Sampling and Reconstruction: Applications and Advances (10w5122)

Arriving in Banff, Alberta Sunday, November 28 and departing Friday December 3, 2010


(University of Florida)

Torsten Moeller (Universität Wien)

(Ecole Polytechnique de Federale Lausanne (EPFL))


The goal of our workshop is to bring together researchers from diverse backgrounds (mathematics, signal processing, and computer sciences), who actively research on problems of the representation, reconstruction, analysis, processing, and visualization of multidimensional data. The workshop will focus at the mathematical underpinnings of these subject areas. Largely, we aim at gathering researchers from the established disciplines of signal and image processing, numerical analysis and such application areas as visualization and medical imaging.

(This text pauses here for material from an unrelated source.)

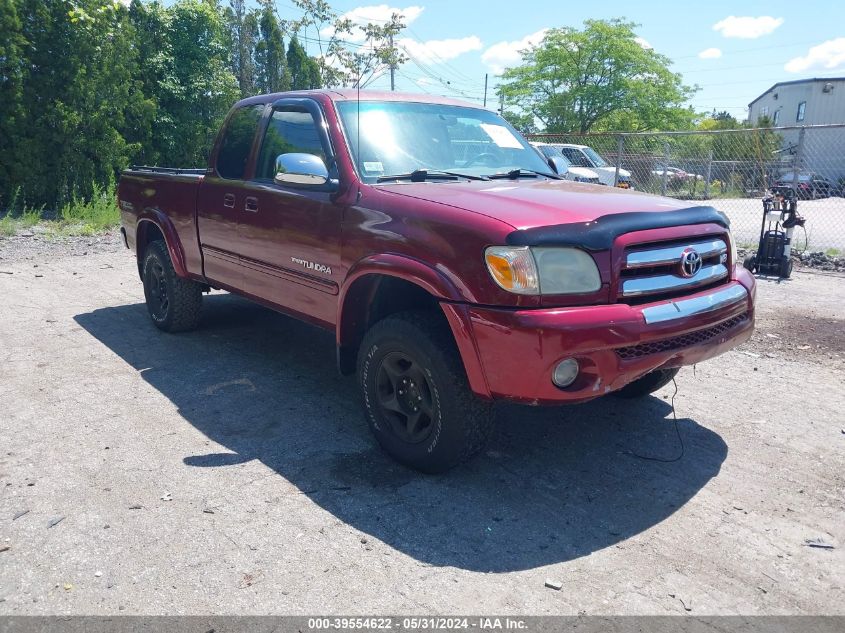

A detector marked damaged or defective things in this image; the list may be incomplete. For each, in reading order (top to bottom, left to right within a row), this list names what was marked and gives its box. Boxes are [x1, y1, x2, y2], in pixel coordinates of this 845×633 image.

cracked asphalt [0, 232, 840, 612]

In this workshop, we would like to focus on the areas of numerical analysis, digital signal and image processing as well as the area of visualization. We will bring researchers from engineering, computer science and mathematics together to compare the challenges these fields experience and to accelerate the transfer of knowledge across disciplinary boundaries.

We have identified five sub-areas with particular focus topic in each. We have also communicated with internationally recognized experts in each category and confirmed their interest in participating and chairing their focus group.

The objective is to compile a summary of meetings to determine what are the grand challenges in each area and what are the applications that steer theoretical developments.

Multiscale & wavelet analysis. Chair: Ivan Selesnick (Polytechnic University, NY), confirmed.

Sparse sampling, non-uniform sampling and compressed sensing. Chair: Yonina Eldar (Technion, Israel), confirmed.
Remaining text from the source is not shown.